Segments in the Biblical book of Ecclesiastes express antinatalist thought:

And I thought the dead, who have already died, more fortunate than the living, who are still alive; but better than both is the one who has not yet been, and has not seen the evil deeds that are done under the sun. (, New Revised Standard Version)

Daoism 
Robbert Zandbergen compares modern antinatalism to Daoism, stating that they both "view the development of consciousness as an aberration in an otherwise fluid and fluent universe marked by some sense of non-human harmony, stability and tranquility." According to Zandbergen, antinatalism and Daoism view human consciousness as something that cannot be fixed, for example by returning to a more harmonious way of life, but rather it has to be undone.
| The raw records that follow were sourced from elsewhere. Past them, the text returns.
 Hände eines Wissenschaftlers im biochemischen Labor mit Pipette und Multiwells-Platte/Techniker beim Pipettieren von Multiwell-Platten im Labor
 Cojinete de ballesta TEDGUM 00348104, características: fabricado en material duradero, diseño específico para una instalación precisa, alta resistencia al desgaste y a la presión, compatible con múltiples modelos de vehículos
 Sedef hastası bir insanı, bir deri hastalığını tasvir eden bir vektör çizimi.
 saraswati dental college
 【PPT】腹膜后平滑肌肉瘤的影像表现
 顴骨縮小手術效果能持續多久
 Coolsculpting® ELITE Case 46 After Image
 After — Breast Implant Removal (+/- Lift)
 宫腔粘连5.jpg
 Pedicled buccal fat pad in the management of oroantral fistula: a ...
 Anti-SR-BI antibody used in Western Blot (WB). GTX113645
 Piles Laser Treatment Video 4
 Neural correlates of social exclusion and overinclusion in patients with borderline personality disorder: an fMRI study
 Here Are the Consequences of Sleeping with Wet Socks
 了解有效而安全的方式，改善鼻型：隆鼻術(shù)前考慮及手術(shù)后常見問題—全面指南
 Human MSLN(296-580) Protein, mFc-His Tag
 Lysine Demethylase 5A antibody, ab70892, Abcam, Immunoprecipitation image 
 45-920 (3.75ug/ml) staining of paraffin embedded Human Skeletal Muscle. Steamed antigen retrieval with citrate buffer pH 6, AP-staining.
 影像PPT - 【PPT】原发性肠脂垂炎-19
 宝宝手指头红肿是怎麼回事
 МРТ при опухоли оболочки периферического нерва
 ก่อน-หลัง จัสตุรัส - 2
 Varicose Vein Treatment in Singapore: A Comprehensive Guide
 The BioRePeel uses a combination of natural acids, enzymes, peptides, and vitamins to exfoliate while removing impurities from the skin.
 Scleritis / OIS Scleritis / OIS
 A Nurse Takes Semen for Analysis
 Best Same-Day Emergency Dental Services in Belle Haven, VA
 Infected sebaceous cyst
Humans are tasked with a project of a peaceful, non-violent dismantling of consciousness. From the Daoist perspective, consciousness is purpose-driven, which goes against the spontaneous and unconscious flow of the Dao, hence humans have an imperative to return to the Dao. Humans have to do it spontaneously, and it cannot be brought about from "the outside" (the Dao, the Heaven, or anything else). Zandbergen quotes John S. Major et al. 2010 to make the parallel between Daoism and antinatalism even clearer:

Ice is better once it melts; how much better if it had never been frozen.

Water is a traditional representation of the Dao, as it flows without shape. Ice represents the arrest of the natural flow of the Dao in rigid human consciousness. Daoist sages return to the flow like ice melting to water. But it would have been better if human consciousness never appeared.

Theodicy and Anthropodicy 

Julio Cabrera considers the issue of being a creator in relation to theodicy and argues that just as it is impossible to defend the idea of a good God as creator, it is also impossible to defend the idea of a good man as a creator. In parenthood, the human parent imitates the divine parent, in the sense that education could be understood as a form of pursuit of "salvation", the "right path" for a child. However, a human being could decide that it is better not to suffer at all than to suffer and be offered the later possibility of salvation from suffering. In Cabrera's opinion, evil is associated not with the lack of being, but with the suffering and dying of those that are alive. So, on the contrary, evil is only and obviously associated with being.

Karim Akerma, due to the moral problem of man as creator, introduces anthropodicy, a twin concept for theodicy. He is of the opinion that the less faith in the Almighty Creator-God there is, the more urgent the question of anthropodicy becomes. Akerma thinks that for those who want to lead ethical lives, the causation of suffering requires a justification. Man can no longer shed responsibility for the suffering that occurs by appealing to an imaginary entity that sets moral principles. For Akerma, antinatalism is a consequence of the collapse of theodicy endeavors and the failure of attempts to establish an anthropodicy. According to him, there is no metaphysics nor moral theory that can justify the production of new people, and therefore anthropodicy is indefensible as well as theodicy.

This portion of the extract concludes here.